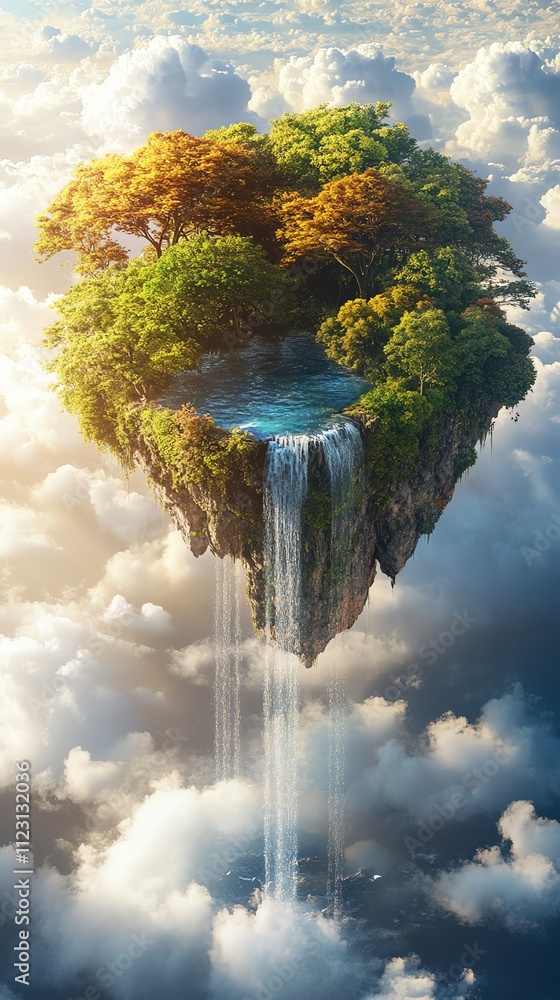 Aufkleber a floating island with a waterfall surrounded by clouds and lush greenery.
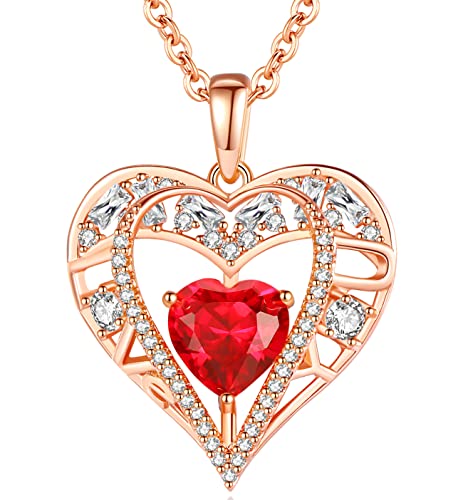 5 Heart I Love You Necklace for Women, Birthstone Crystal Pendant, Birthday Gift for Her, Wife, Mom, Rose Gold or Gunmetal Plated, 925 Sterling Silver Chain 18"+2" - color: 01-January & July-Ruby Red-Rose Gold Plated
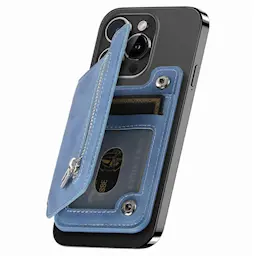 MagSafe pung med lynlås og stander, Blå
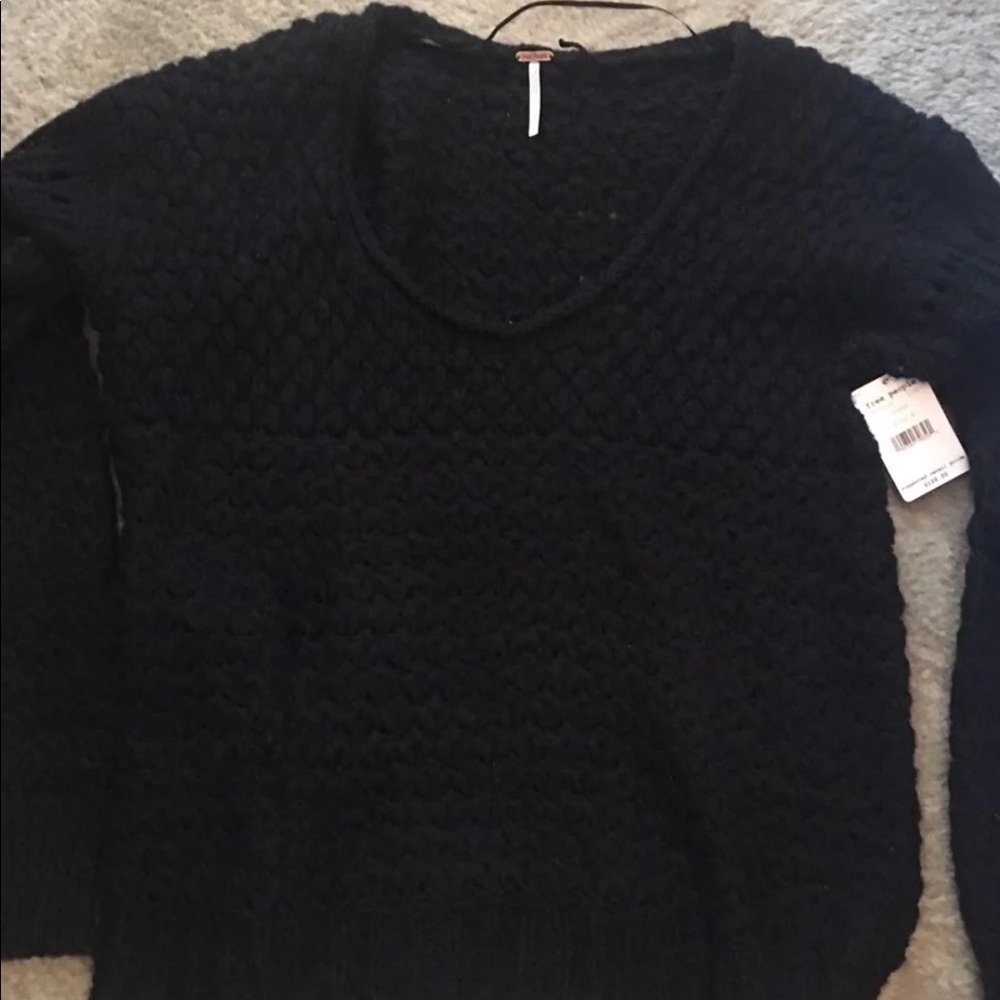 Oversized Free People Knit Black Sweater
* * *
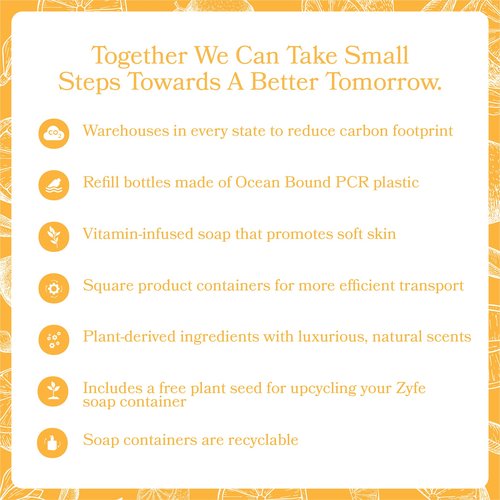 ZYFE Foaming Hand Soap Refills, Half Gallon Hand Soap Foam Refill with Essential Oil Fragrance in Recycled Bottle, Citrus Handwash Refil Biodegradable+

INSTRUCTIONS FOR THE TASK: I'd like the lines above repeated exactly, from the one that contains "Aufkleber a floating" through the one that contains "Oversized Free People Knit Black Sweater", with no pictures.

RESPONSE:
 Aufkleber a floating island with a waterfall surrounded by clouds and lush greenery.
 5 Heart I Love You Necklace for Women, Birthstone Crystal Pendant, Birthday Gift for Her, Wife, Mom, Rose Gold or Gunmetal Plated, 925 Sterling Silver Chain 18"+2" - color: 01-January & July-Ruby Red-Rose Gold Plated
 MagSafe pung med lynlås og stander, Blå
 Oversized Free People Knit Black Sweater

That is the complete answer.